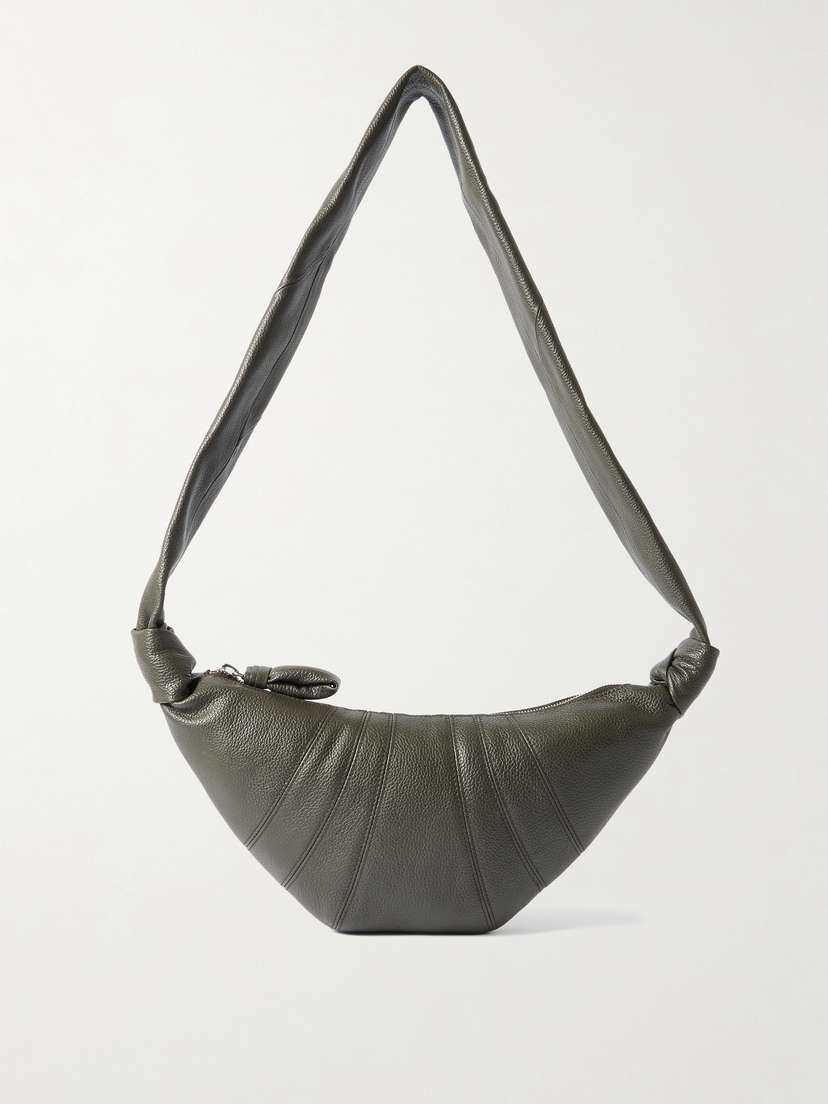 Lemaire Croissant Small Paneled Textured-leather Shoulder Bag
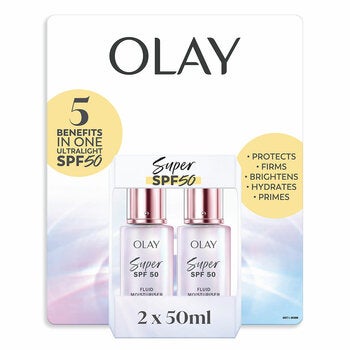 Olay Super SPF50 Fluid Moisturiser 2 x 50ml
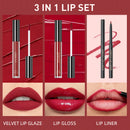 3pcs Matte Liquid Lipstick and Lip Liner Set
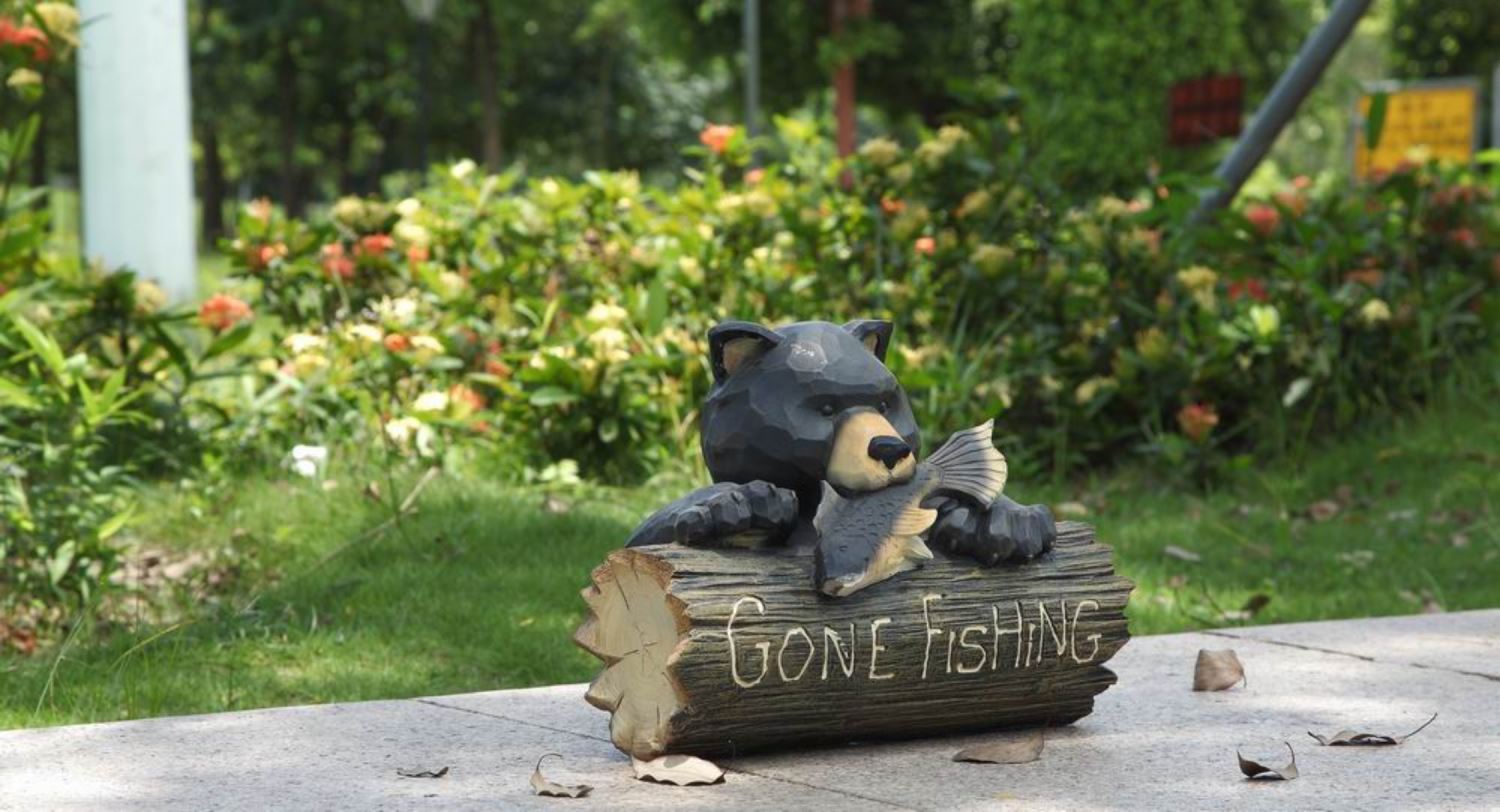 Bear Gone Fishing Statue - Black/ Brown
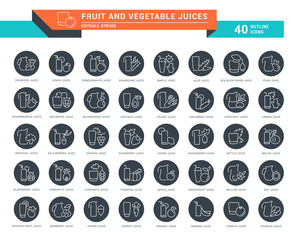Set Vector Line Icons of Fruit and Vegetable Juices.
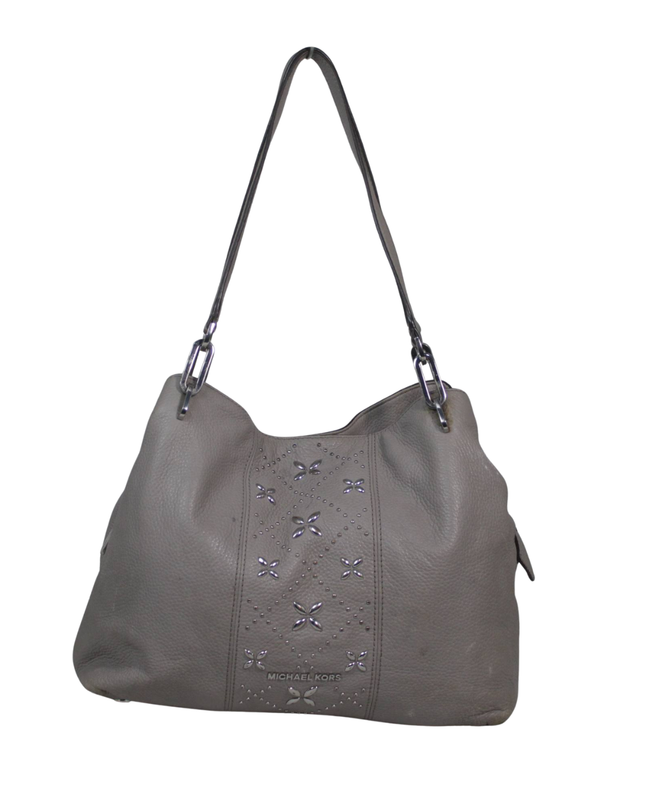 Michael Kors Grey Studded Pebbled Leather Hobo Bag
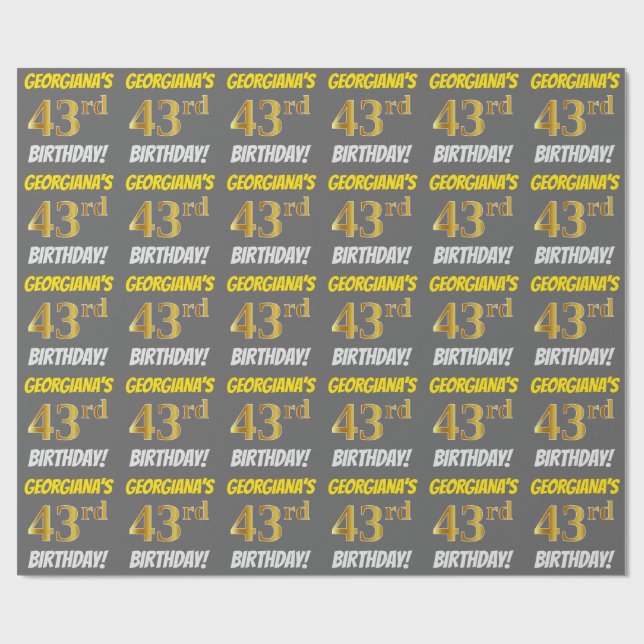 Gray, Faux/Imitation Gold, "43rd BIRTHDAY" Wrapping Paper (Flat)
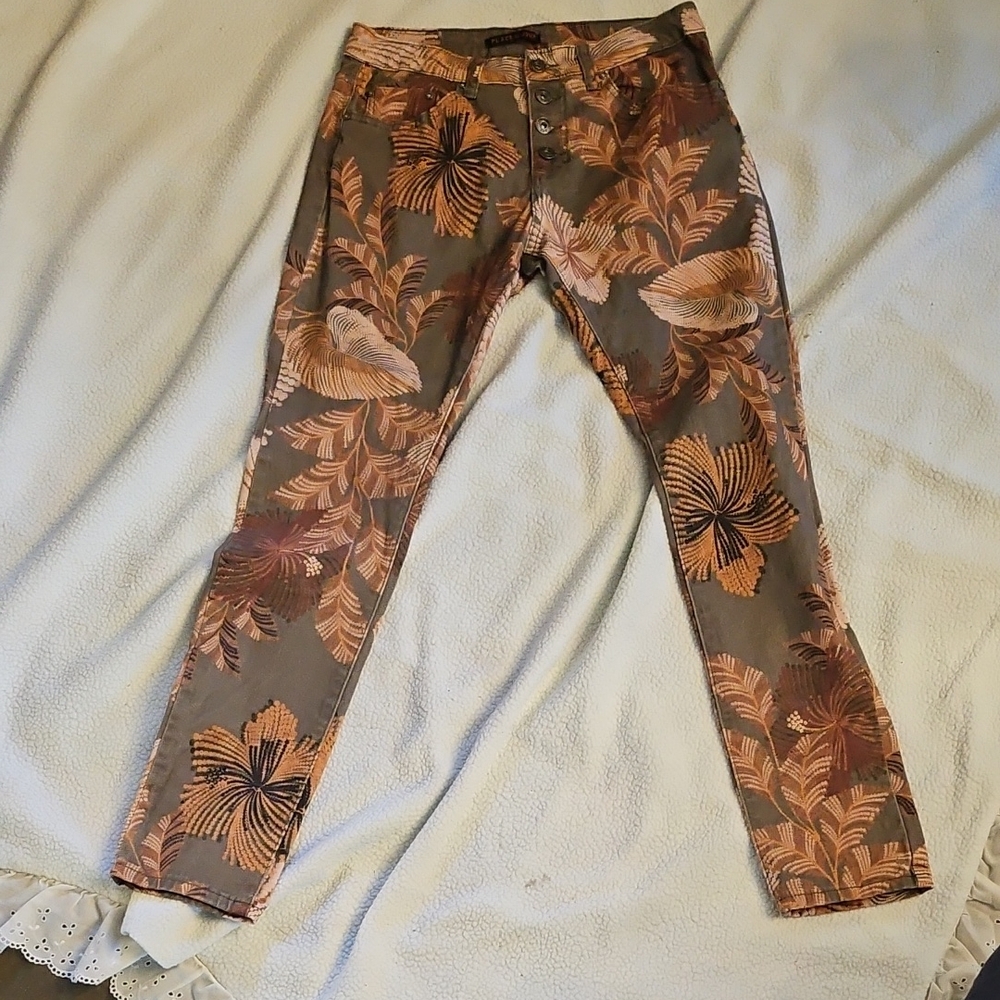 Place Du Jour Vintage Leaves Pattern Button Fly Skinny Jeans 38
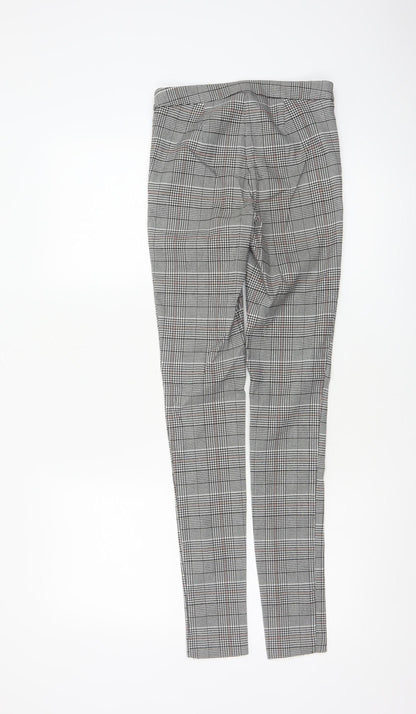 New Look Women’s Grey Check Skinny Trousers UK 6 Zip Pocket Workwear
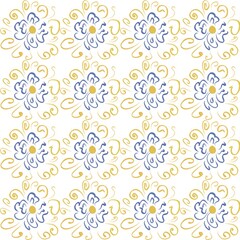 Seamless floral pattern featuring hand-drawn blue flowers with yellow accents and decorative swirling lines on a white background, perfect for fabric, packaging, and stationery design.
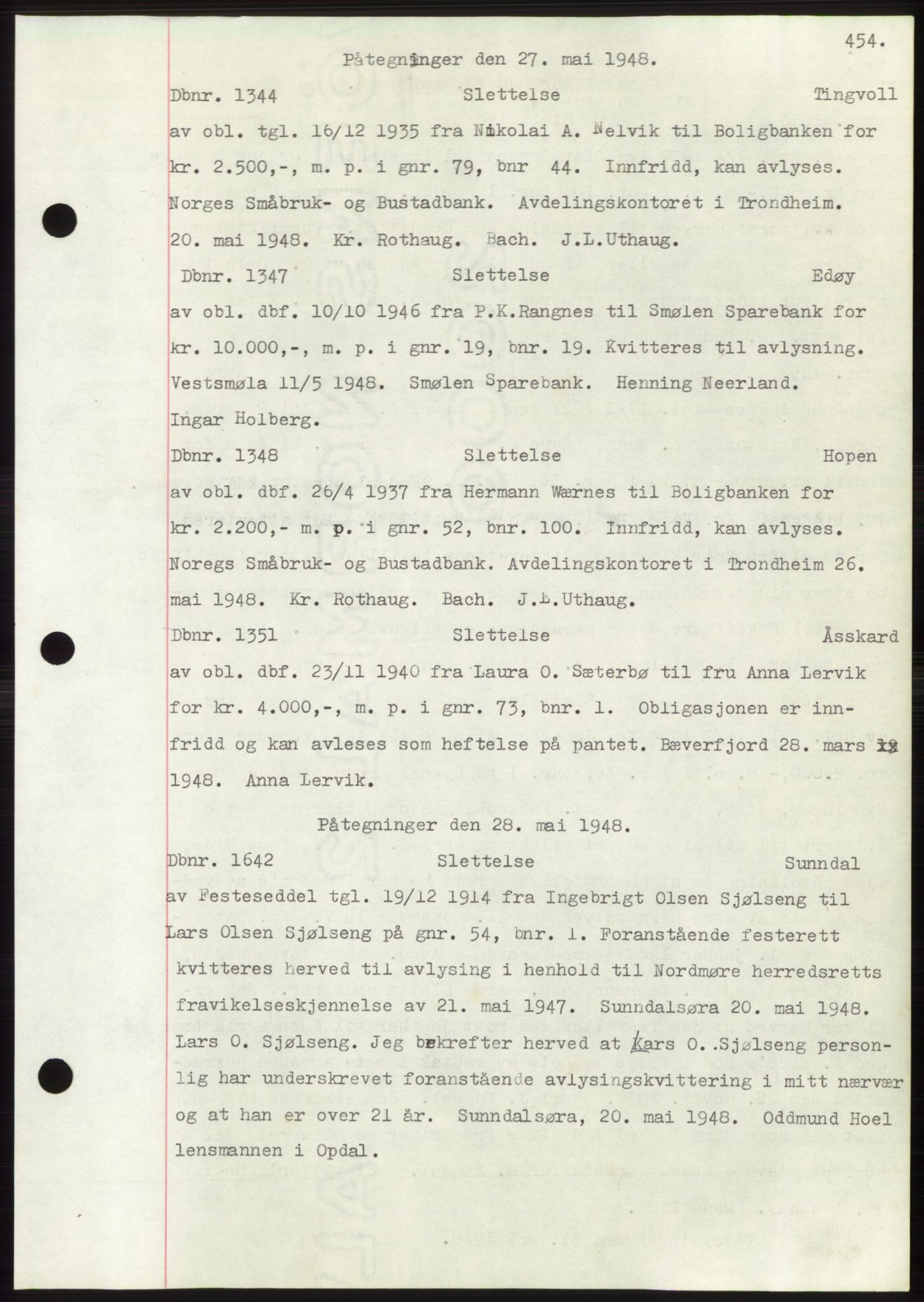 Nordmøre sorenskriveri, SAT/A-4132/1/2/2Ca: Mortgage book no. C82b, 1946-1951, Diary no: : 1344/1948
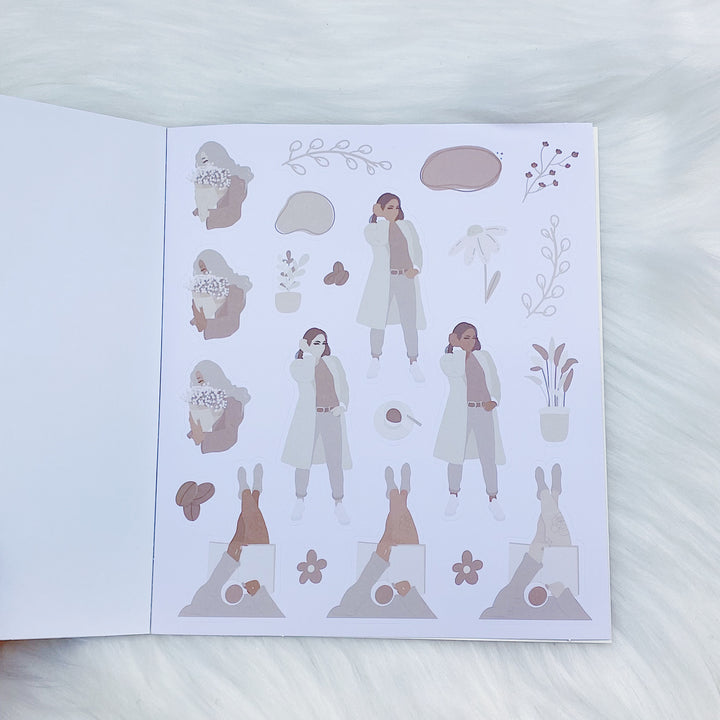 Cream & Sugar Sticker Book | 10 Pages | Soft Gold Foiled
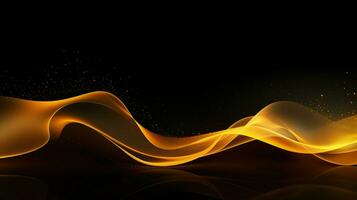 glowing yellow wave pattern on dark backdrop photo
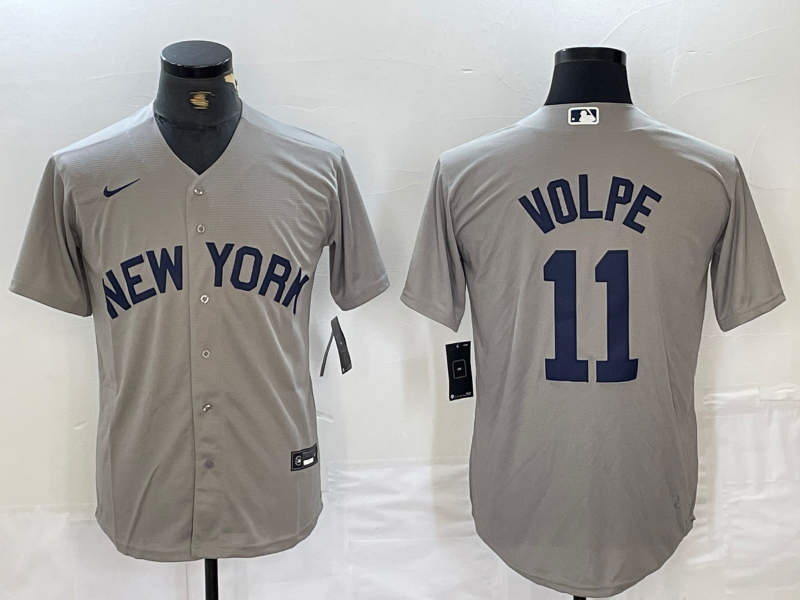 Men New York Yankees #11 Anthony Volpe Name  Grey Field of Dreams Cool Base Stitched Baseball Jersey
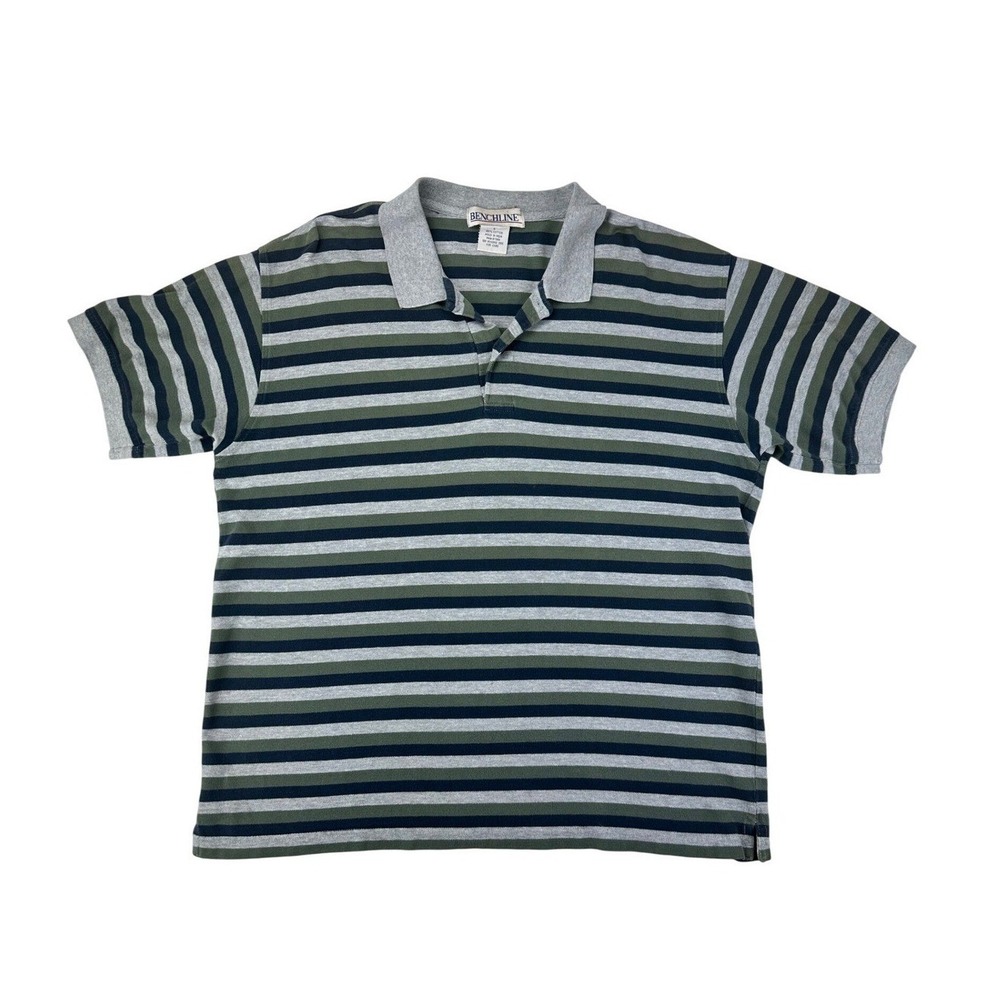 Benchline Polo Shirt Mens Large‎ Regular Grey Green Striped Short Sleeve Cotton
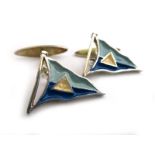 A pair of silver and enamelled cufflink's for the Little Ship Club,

■ ■ ■ ■ ■

**Task**.
Leave out the pictures, and write out exactly the lines from the line containing "New Look Women’s" through the end of the records above.

**Written response**.
 New Look Women’s Grey Check Skinny Trousers UK 6 Zip Pocket Workwear
 Seamless floral pattern featuring hand-drawn blue flowers with yellow accents and decorative swirling lines on a white background, perfect for fabric, packaging, and stationery design.
 Nordmøre sorenskriveri, SAT/A-4132/1/2/2Ca: Mortgage book no. C82b, 1946-1951, Diary no: : 1344/1948
 Cream & Sugar Sticker Book | 10 Pages | Soft Gold Foiled
 glowing yellow wave pattern on dark backdrop photo
 Men New York Yankees #11 Anthony Volpe Name  Grey Field of Dreams Cool Base Stitched Baseball Jersey
 Benchline Polo Shirt Mens Large‎ Regular Grey Green Striped Short Sleeve Cotton
 A pair of silver and enamelled cufflink's for the Little Ship Club,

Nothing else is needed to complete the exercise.